About this exercise –
Copy exactly. Begin at the line containing "All patients with" and stop at the last line of the entries, omitting any pictures.

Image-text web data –
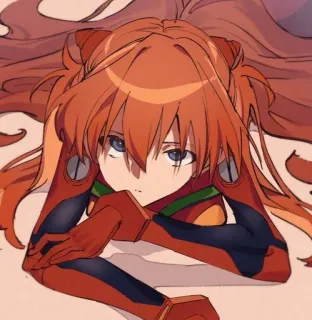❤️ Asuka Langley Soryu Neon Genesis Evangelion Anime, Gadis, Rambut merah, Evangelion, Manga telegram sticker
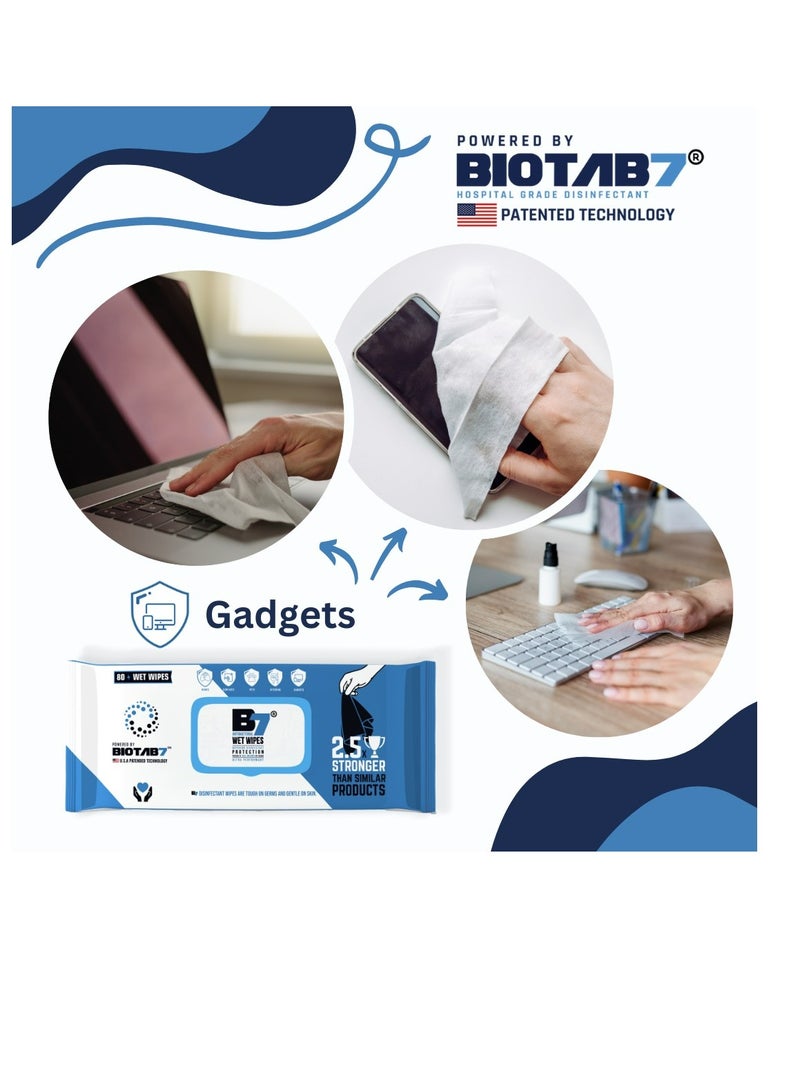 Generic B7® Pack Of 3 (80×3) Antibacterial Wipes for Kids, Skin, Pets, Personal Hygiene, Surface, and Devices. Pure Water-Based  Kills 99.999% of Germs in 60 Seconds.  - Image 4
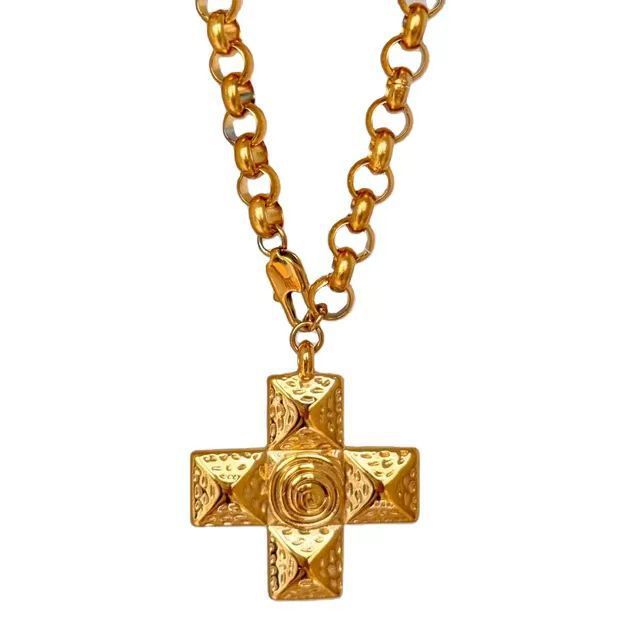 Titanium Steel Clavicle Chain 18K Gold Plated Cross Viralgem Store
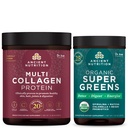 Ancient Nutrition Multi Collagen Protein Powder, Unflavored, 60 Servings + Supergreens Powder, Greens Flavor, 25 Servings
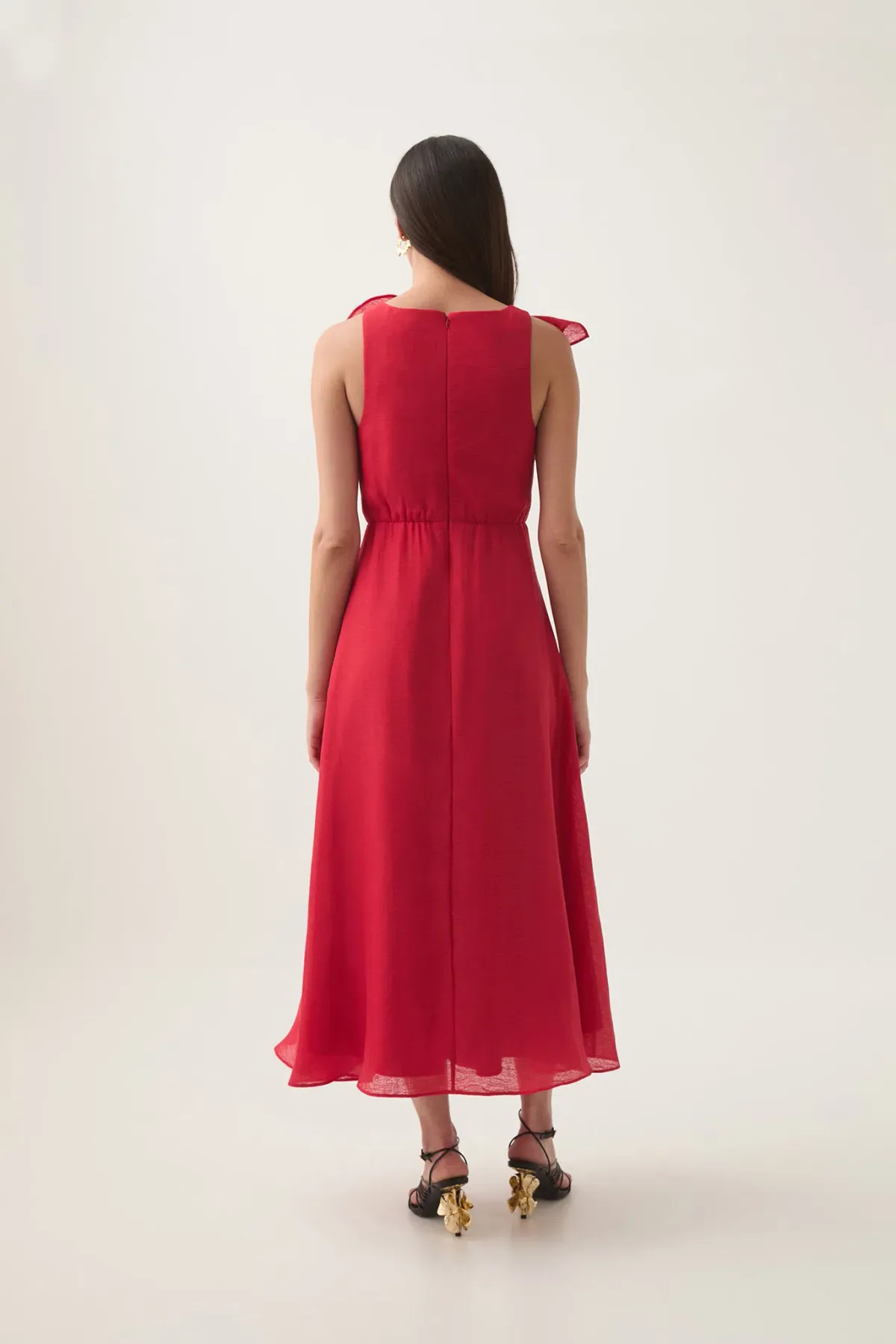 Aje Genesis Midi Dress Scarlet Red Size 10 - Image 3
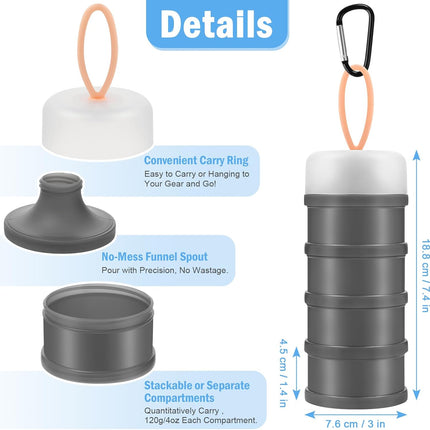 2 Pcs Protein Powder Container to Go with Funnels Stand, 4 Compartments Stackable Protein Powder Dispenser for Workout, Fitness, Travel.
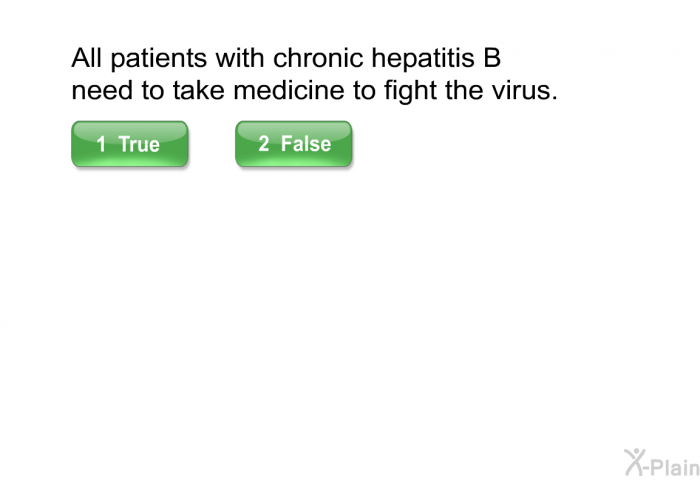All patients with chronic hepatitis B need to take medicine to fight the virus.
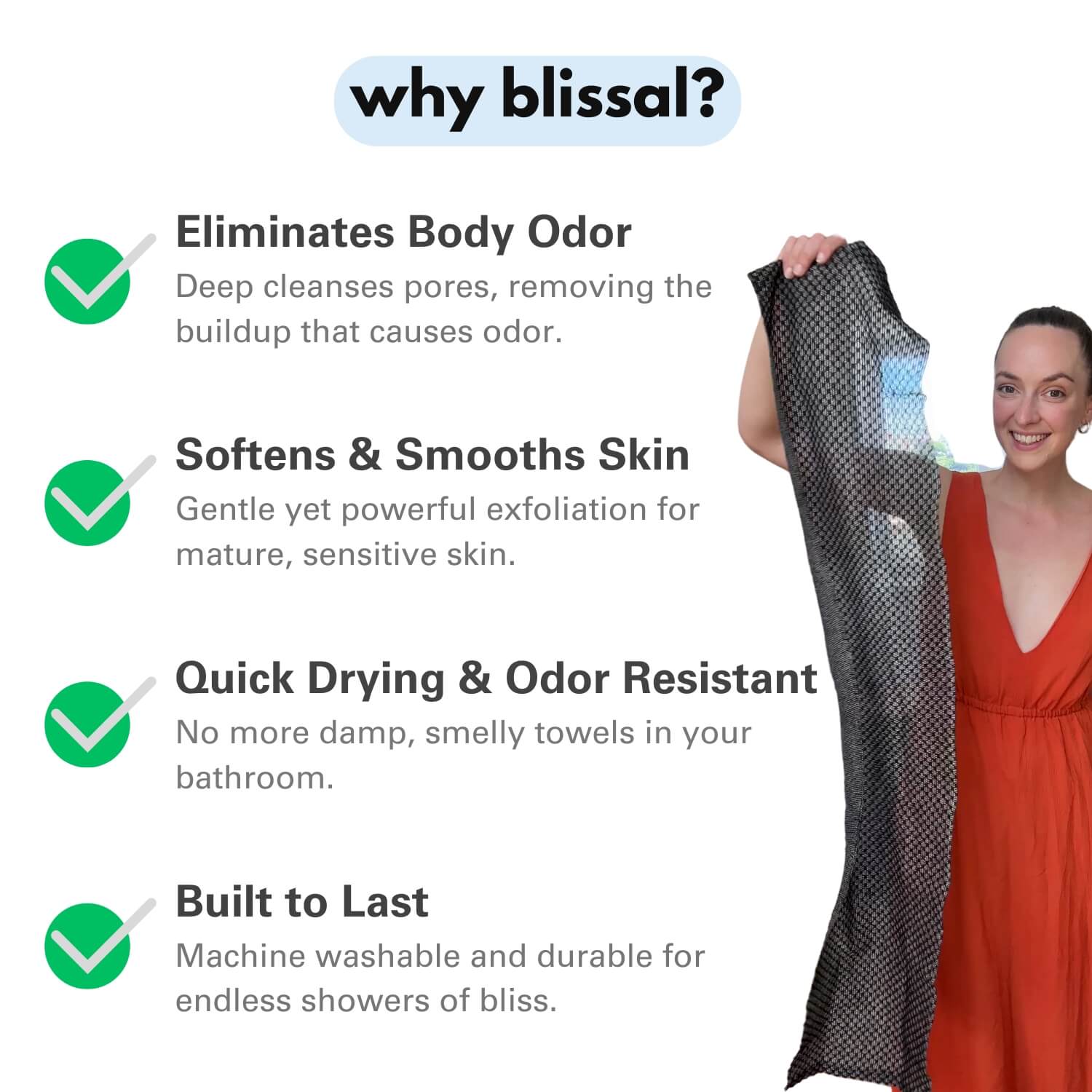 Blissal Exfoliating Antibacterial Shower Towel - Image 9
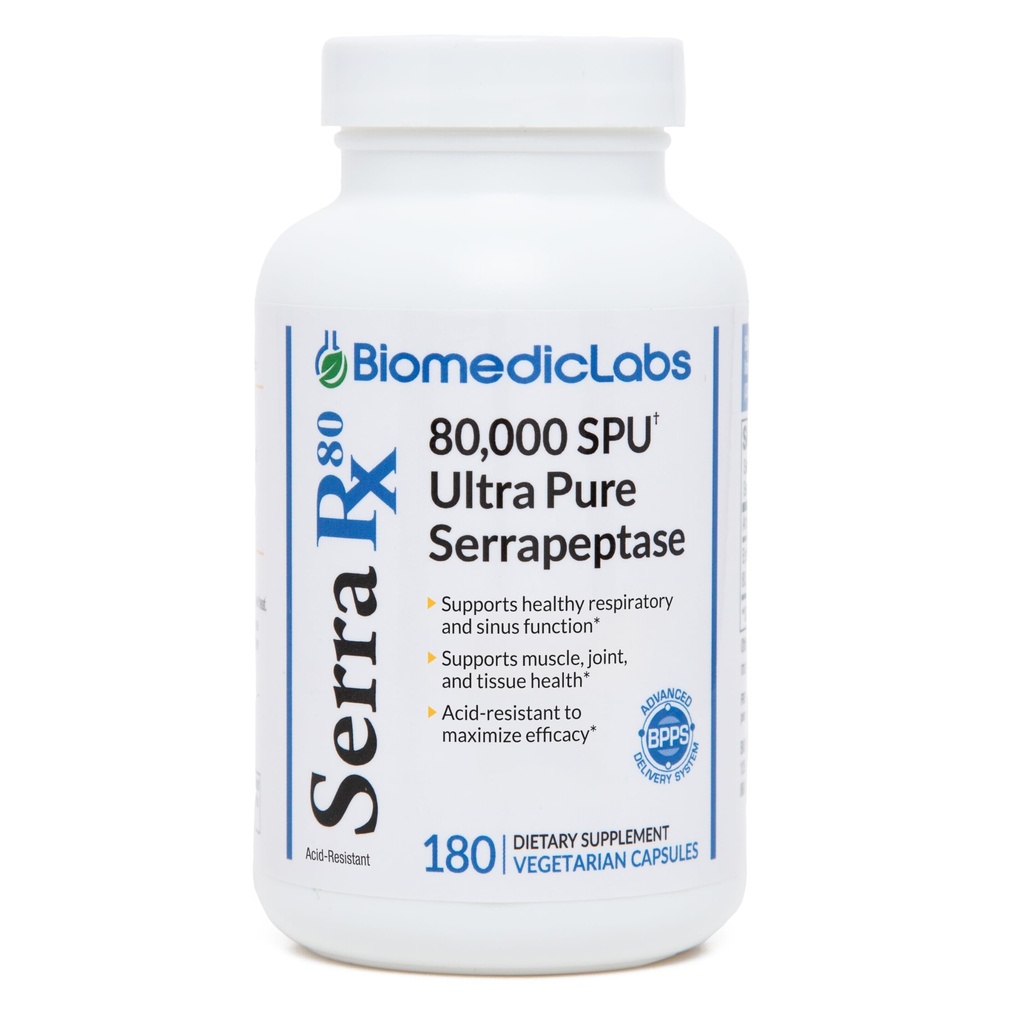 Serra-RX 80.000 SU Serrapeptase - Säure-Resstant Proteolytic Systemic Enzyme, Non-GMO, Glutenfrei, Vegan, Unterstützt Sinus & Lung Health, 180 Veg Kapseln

Exercise result –
All patients with chronic hepatitis B need to take medicine to fight the virus.
 Blissal Exfoliating Antibacterial Shower Towel - Image 9
 Serra-RX 80.000 SU Serrapeptase - Säure-Resstant Proteolytic Systemic Enzyme, Non-GMO, Glutenfrei, Vegan, Unterstützt Sinus & Lung Health, 180 Veg Kapseln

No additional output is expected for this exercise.